Another poignant example is the development of drugs to treat pancreatic cancer. This has gradually become something of a hobby-horse with me. Patients with pancreatic cancer generally have a life expectancy of between 6 and 12 months. In that time, we give them chemotherapy which makes them nauseous and weak. At best, this only gives them an extra 3 to 4 weeks of life: a pretty mediocre outcome which we should stop right now. After all, what’s the one thing most pancreatic cancer sufferers are wrestling with? The answer is ‘pain’. ‘If I can take away the pain, Peter, we give them 6 to 12 months more to live,’ Dave Tuveson has told me. And that’s how it is. Yet nobody is studying how to do it, because there are no patents to be taken out for pain relief. Yet as any patient advocate will tell you, the best thing you can do for a patient is to help them fight pain. Once we’ve got that sorted, we can refocus our attention on the drugs that might help people to live longer while upholding quality of life. By at least a year, not just a few weeks. The medication currently being administered to these patients should be stopped immediately, since they are reducing that quality of life.
So more money isn’t the solution to the problem of cancer. If you simply throw more money at it, all that will happen is that we’ll get more research of the kind that’s already being done, which will yield the same results as before: namely ‘nothing, apart from one or two exceptions.’ What will deliver a real solution is including patient advocates in the decision-making process. First, in deciding what to study, and second, in deciding how to set up the resulting trials.
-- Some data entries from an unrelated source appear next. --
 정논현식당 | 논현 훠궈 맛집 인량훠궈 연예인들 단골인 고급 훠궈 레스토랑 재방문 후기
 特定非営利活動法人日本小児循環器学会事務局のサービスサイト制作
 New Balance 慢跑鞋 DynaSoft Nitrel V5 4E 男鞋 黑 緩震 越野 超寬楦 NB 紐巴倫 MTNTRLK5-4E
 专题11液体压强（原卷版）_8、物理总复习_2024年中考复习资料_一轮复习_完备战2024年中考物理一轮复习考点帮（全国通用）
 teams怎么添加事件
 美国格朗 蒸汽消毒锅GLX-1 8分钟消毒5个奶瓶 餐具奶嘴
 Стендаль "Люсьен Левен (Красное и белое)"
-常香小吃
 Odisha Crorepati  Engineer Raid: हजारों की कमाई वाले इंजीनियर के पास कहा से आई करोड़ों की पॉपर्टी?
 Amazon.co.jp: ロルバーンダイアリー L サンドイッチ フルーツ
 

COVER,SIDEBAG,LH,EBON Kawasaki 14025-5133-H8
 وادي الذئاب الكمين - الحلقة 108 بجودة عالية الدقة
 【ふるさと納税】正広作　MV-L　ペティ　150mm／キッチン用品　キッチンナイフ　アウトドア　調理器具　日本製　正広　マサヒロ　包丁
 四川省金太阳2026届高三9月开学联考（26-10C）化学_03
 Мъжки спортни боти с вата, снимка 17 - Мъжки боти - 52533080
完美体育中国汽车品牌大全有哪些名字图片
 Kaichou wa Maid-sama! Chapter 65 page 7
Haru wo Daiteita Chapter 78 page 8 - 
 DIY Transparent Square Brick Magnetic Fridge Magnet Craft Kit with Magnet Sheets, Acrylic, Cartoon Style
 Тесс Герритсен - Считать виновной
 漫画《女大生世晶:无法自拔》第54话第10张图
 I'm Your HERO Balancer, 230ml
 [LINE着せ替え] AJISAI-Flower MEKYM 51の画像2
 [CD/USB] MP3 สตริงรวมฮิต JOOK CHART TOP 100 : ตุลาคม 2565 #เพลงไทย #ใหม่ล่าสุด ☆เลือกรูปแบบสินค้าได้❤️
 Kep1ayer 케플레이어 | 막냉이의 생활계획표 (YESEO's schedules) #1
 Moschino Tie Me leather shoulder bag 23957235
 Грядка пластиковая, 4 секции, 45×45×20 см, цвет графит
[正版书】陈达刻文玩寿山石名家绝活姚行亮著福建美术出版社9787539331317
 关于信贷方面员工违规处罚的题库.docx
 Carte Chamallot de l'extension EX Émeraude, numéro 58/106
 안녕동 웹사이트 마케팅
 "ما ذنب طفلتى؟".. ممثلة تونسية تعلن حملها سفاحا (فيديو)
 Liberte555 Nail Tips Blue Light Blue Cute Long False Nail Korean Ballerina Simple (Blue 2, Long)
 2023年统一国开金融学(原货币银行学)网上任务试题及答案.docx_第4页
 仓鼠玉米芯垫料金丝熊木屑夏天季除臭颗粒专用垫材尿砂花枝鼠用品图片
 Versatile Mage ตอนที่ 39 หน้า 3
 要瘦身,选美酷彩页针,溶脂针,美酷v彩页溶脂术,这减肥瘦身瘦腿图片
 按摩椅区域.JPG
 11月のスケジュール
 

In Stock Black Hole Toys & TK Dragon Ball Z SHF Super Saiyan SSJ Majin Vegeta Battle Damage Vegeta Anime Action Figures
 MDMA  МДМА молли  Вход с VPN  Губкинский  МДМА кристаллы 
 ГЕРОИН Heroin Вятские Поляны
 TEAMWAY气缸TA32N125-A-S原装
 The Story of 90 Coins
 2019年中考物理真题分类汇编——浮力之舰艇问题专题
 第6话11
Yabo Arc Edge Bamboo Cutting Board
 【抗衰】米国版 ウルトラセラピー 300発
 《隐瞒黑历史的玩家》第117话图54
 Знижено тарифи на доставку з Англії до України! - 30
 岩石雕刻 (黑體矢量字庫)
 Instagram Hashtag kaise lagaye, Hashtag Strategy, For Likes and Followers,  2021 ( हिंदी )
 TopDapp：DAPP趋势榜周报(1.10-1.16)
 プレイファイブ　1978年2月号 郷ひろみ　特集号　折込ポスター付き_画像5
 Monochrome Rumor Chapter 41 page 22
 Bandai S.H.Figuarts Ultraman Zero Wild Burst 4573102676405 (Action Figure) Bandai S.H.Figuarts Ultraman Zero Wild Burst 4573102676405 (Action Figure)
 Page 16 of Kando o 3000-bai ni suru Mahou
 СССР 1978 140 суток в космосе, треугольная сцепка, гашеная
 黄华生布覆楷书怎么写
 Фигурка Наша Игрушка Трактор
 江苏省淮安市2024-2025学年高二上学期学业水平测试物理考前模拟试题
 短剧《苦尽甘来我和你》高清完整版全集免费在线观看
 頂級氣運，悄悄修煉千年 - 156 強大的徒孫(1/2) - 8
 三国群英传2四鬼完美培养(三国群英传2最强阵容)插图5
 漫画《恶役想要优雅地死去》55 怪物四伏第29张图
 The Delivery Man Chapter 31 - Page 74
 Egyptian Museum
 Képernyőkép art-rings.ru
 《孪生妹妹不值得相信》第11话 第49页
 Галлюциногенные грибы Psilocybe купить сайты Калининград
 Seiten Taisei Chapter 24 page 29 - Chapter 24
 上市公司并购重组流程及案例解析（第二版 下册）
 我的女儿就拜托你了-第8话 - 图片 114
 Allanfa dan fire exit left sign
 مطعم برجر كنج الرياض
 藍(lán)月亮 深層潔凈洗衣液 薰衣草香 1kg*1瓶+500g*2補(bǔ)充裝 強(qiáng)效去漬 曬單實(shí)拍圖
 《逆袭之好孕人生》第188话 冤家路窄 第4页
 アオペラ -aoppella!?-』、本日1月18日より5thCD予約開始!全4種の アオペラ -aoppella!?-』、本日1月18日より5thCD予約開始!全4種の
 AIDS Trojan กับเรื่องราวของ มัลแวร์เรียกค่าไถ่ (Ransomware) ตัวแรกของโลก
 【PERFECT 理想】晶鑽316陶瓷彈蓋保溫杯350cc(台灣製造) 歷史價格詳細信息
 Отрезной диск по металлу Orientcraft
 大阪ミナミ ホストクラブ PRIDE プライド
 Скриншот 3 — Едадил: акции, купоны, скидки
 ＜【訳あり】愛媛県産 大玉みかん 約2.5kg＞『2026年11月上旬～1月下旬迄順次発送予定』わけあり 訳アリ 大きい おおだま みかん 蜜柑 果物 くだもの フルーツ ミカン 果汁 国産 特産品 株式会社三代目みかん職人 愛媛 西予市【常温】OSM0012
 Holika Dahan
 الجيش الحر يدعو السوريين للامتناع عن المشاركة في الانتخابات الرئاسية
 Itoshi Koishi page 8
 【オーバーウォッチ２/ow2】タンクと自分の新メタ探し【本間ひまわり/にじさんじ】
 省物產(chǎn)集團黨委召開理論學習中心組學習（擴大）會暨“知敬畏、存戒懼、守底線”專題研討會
This is because patient advocates always put the patient first and always ask questions like: ‘Is this in the best interests of the patient?’ ‘How do you expect this research to benefit the patient?’ ‘How many years of extra life will this medication give the patient?’ They’ll also ask other questions, such as: ‘Why don’t we develop a medicine specifically for children, or for people with brain tumours?’ Or even perhaps: ‘This medication doesn’t make much difference to the disease but makes the patient feel very sick. Why don’t we abandon it, go back to the drawing board and try to develop one with minimal side-effects?’ ‘Is medication really the best treatment for these patients, or would interventional oncology be better?’
These are just some of the dozens of questions that could be asked, yet never are. Never, because they are difficult and uncomfortable questions to which we would rather not give – or hear – the answers. After all, there is not a dollar to be made on developing drugs for children or people with brain tumours. Research apparently has to lead to patents rather than pain relief.
Yet if cancer research is to become more effective and (presumably also) more efficient, then it is patient advocates who must set the agenda. If medical trials really are to deliver any added value to patients, then patient advocates must be involved in their design and must be on hand to ask the right questions. If they aren’t, then the 200 billion euros we currently spend on research will simply get bigger and create yet more jobs. Which may be good news for some people, but not for patients.